Unfortunately that’s not quite what I need. You’re adding two (4,1) arrays together. Which is possible in a variety of ways. Converting them both to pl.Series is a good solution actually.

But as you noted I messed up copy-pasting my code somehow. And it’s very core to my problem that I need to add a (1,N) array to a (M,1) array.

So that would be

from datetime import UTC, datetime, timedelta

import numpy as np
import polars as pl

start = datetime(2025, 4, 1, 15, 0, tzinfo=UTC)
series_1 = pl.Series(
    "datetime_3pm",
    [start + timedelta(minutes=30 * i) for i in range(4)]
)
print(series_1)
array = np.array([timedelta(minutes=30 * i) for i in range(4)], dtype=np.timedelta64).reshape((1, 4))
print(series_1 + array)

which raises InvalidOperationError: cannot cast Array type (inner: 'Int64', to: 'Duration(Microseconds)')

Interestingly even

from datetime import UTC, datetime, timedelta

import numpy as np
import polars as pl

start = datetime(2025, 4, 1, 15, 0, tzinfo=UTC)
series_1 = pl.Series(
    "datetime_3pm",
    [start + timedelta(minutes=30 * i) for i in range(4)]
)
print(series_1)
array = np.array([timedelta(minutes=30 * i) for i in range(4)], dtype=np.timedelta64).reshape((1, 4))
(series_1.cast(int) + array)

raises InvalidOperationError: cannot cast Array type (inner: 'Int64', to: 'Duration(Microseconds)'), so I think that has to happen when polars tries to implicitly convert the numpy. Indeed pl.Series(np.array([timedelta(minutes=30 * i) for i in range(4)], dtype=np.timedelta64).reshape((1, 4)), dtype=pl.Duration("us")) raises the same error. But so does pl.Series(np.array([timedelta(minutes=30 * i) for i in range(4)], dtype=np.timedelta64).reshape((1, 4)), dtype=pl.Int64).

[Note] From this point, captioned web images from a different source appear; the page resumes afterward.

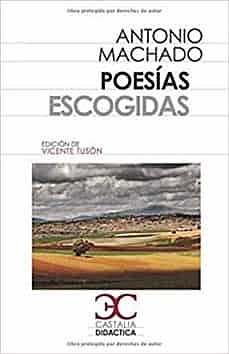 POESÍAS ESCOGIDAS, MACHADO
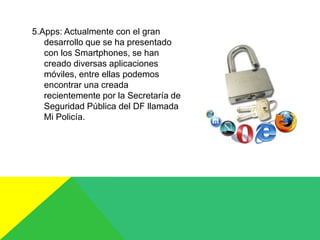 5.Apps: Actualmente con el gran
desarrollo que se ha presentado
con los Smartphones, se han
creado diversas aplicaciones
móviles, entre ellas podemos
encontrar una creada
recientemente por la Secretaría de
Seguridad Pública del DF llamada
Mi Policía.
 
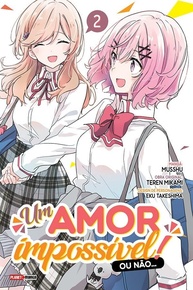 Um Amor Impossível? Descubra a Trama de "Não... 02"! - imagem 1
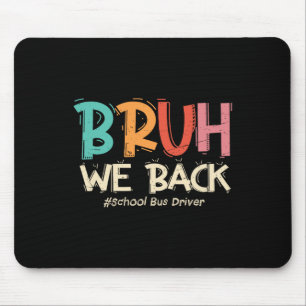 Funny Bruh We Back To School Bus Driver First Day Mouse Mat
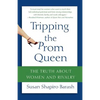 Tripping the Prom Queen: The Truth about Women and Rivalry - Paperback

pl.Series(np.array([i for i in range(4)]).reshape((1, 4))) works fine.

pl.Series(np.array([i for i in range(4)]).reshape((1, 4))).cast(pl.Array(pl.Duration("us"), 4))

works, which I only found because I was thinking about your reply.

As does

array = pl.Series(np.array([i*timedelta(minutes=15).total_seconds()*10**6 for i in range(4)]).reshape((1, 4))).cast(pl.Array(pl.Duration("us"), 4))
array

but

from datetime import UTC, datetime, timedelta

import numpy as np
import polars as pl

start = datetime(2025, 4, 1, 15, 0, tzinfo=UTC)
series_1 = pl.Series(
    "datetime_3pm",
    [start + timedelta(minutes=30 * i) for i in range(4)]
)
print(series_1)
array = pl.Series(np.array([i*timedelta(minutes=15).total_seconds()*10**6 for i in range(4)]).reshape((1, 4))).cast(pl.Array(pl.Duration("us"), 4))
print(series_1 + array)

once again results in ComputeError: cannot add non-numeric inner dtypes: (left: datetime[μs, UTC], right: duration[μs]). Which looks like BS. What else is duration[μs] for, if not to add it to datetime[μs, <timezone>] ?!